Captioned web image data:
= = = = =

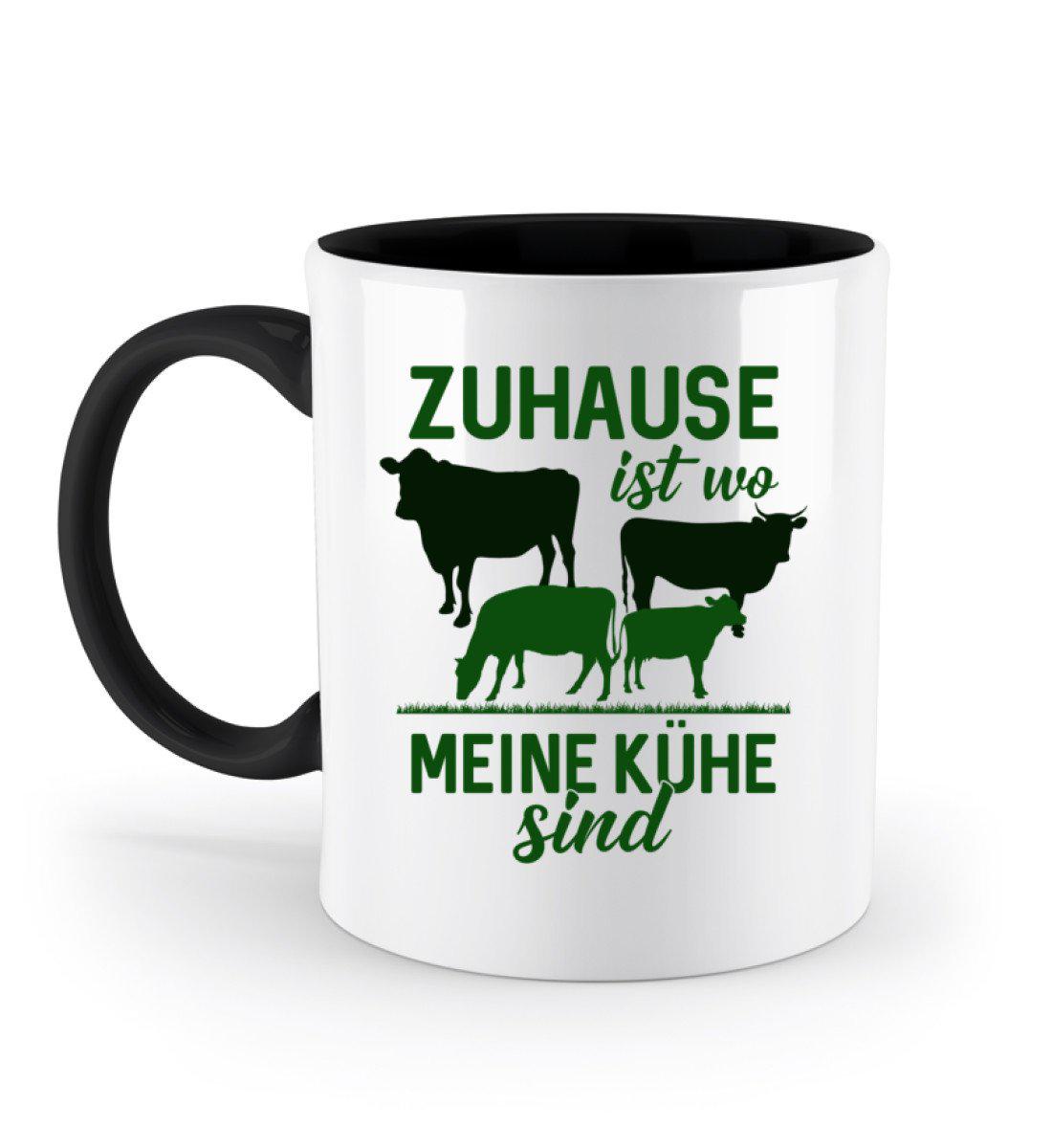 Zuhause ist wo meine Kühe sind · Keramik Tasse zweifarbig-Keramik Tasse Zweifarbig-Black-330ml-Agrarstarz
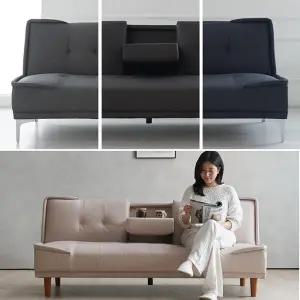 [비밀혜택]리도 패브릭룩방수가죽 2인 3인 폴딩 컵홀더 1인 소파베드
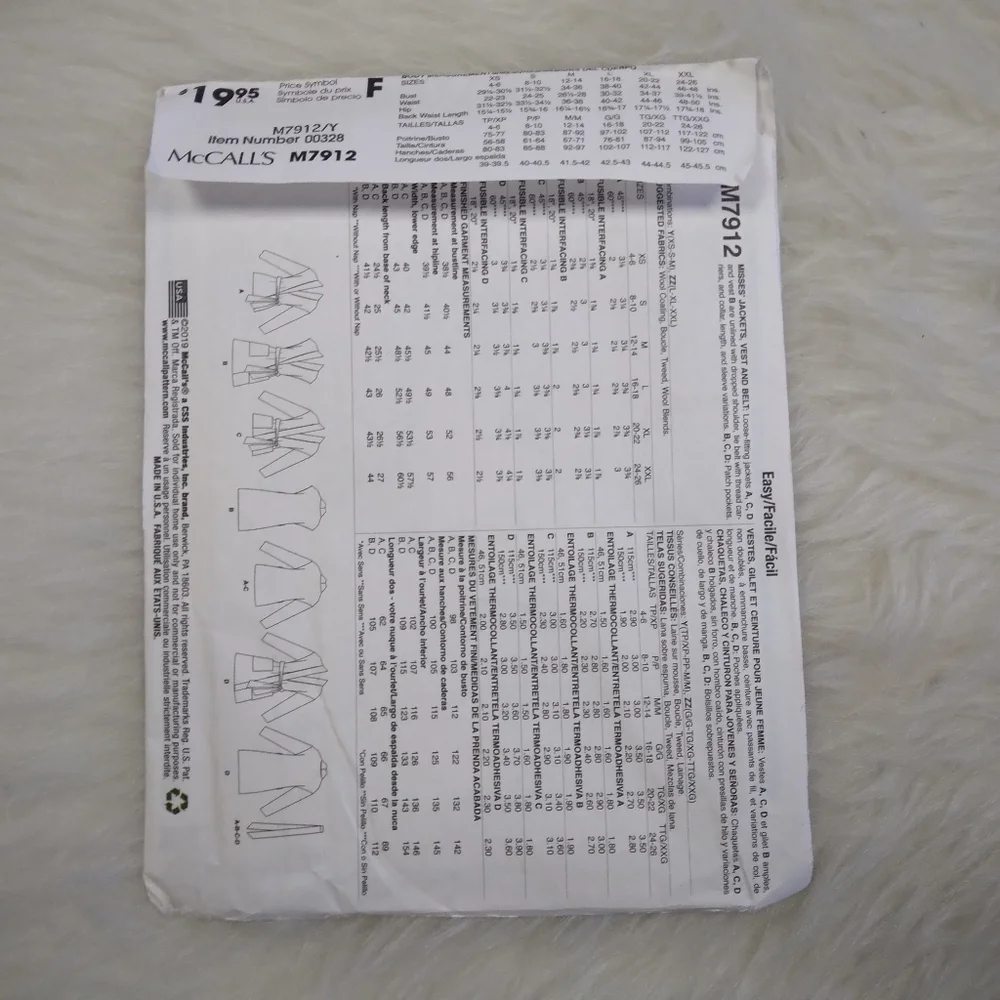 MCCALL'S M7912 Sz XS-S-M Misses Jacket, Vest, Belt Sleeve/Length Variations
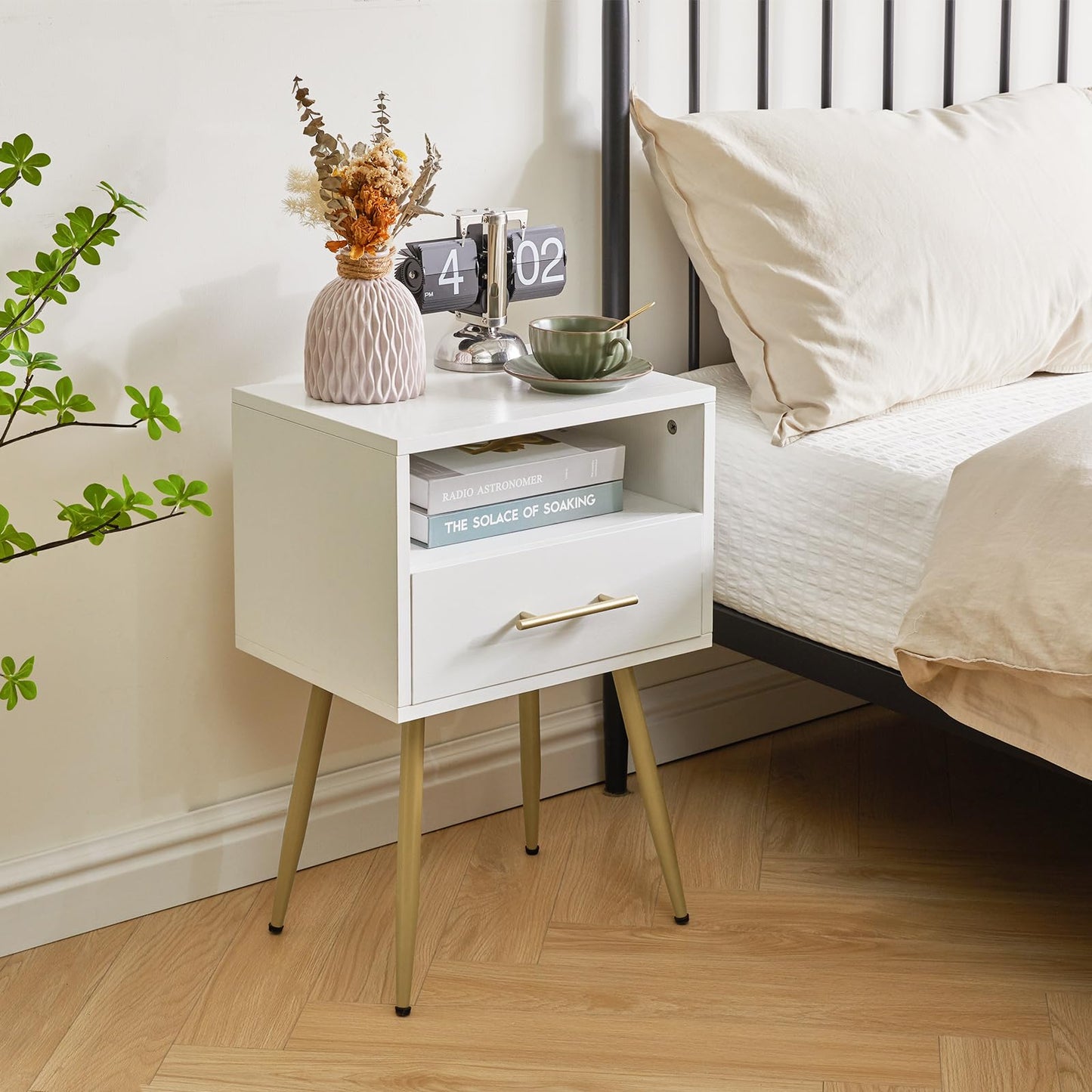 IBUYKE Nightstand, Mid Century Modern Night Stand, Bedside Table with Drawers and Open Storage Shelf, End Side Table with Metal Legs, for Bedroom, Small Spaces, White UWNS004W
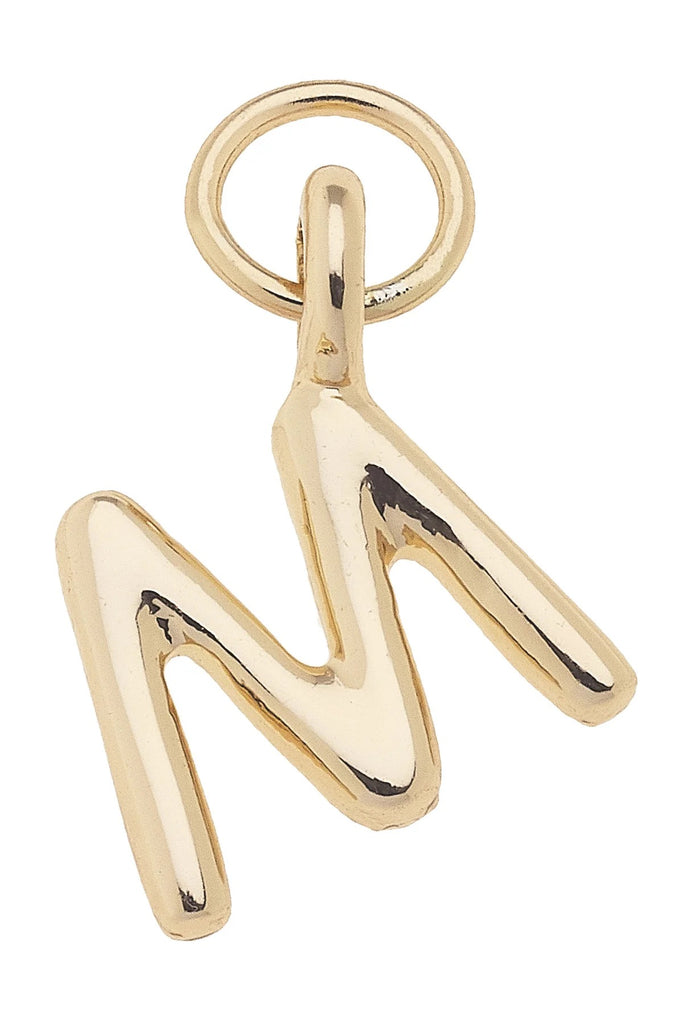 Mini Initial Charm "M" In Shiny Gold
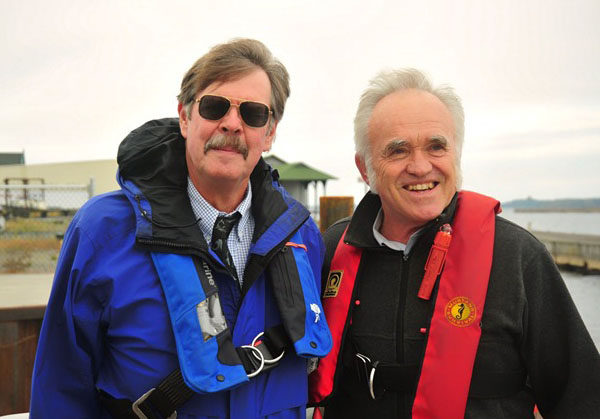 Seaway pilots Roger Paulus and Don Metzger on the St. Lawrence River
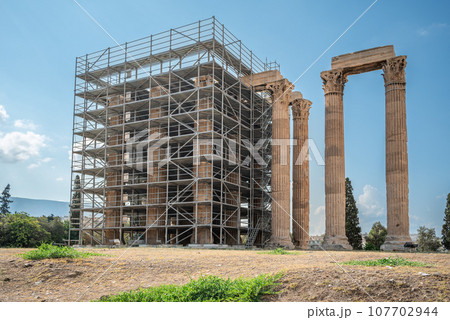 Remains of Olympieion ancient Temple of Olympian Zeus in central Athens Greece Remains of Olympieion ancient Temple of Olympian Zeus in central Athens Greece 107702944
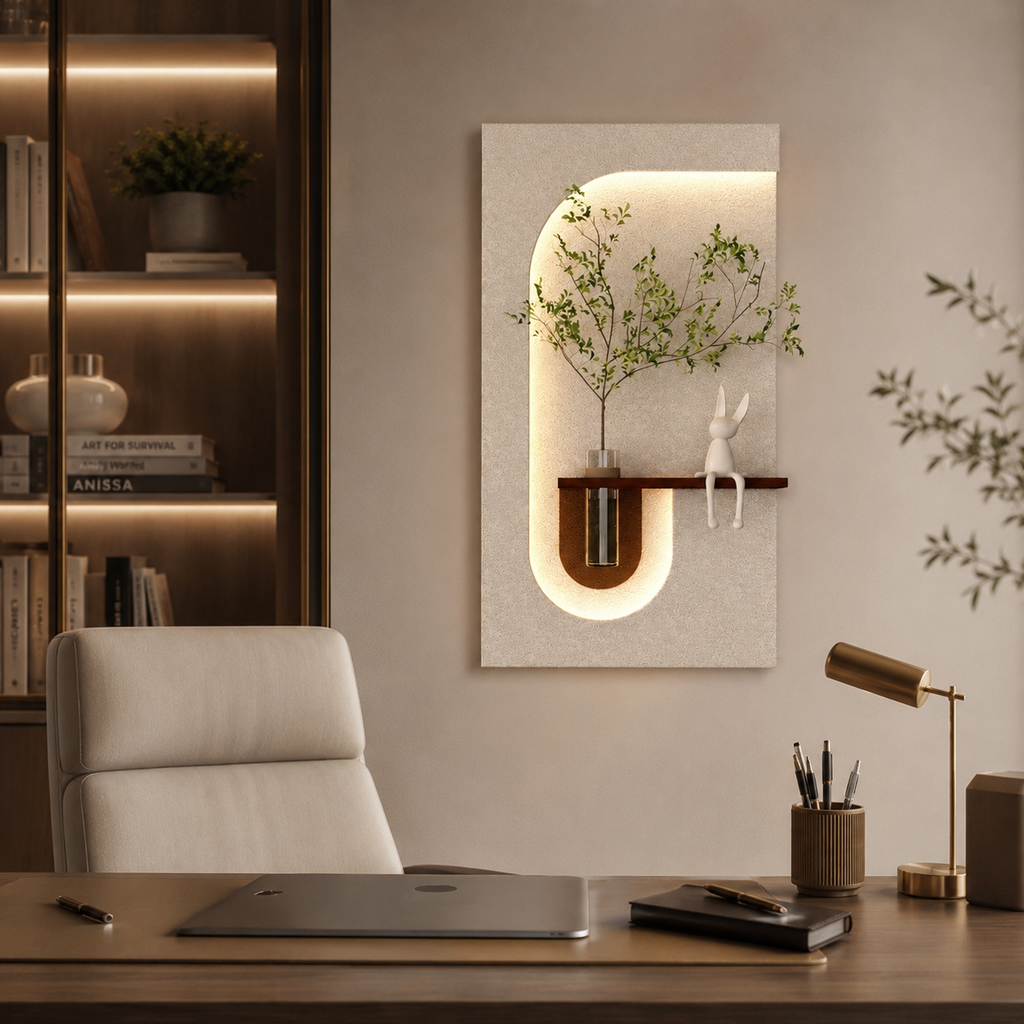 Elegant Decorative LED Light Wall Panel with Planter for Home & Office Spaces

= = = = =

- _Exercise aim_
Only the lines from the one containing "Mini Initial Charm" through the final line of the entries belong in the copy, both ends included. Pictures stay out.

- _Response for this exercise_
 Mini Initial Charm "M" In Shiny Gold
 Seaway pilots Roger Paulus and Don Metzger on the St. Lawrence River
 Remains of Olympieion ancient Temple of Olympian Zeus in central Athens Greece Remains of Olympieion ancient Temple of Olympian Zeus in central Athens Greece 107702944
 Elegant Decorative LED Light Wall Panel with Planter for Home & Office Spaces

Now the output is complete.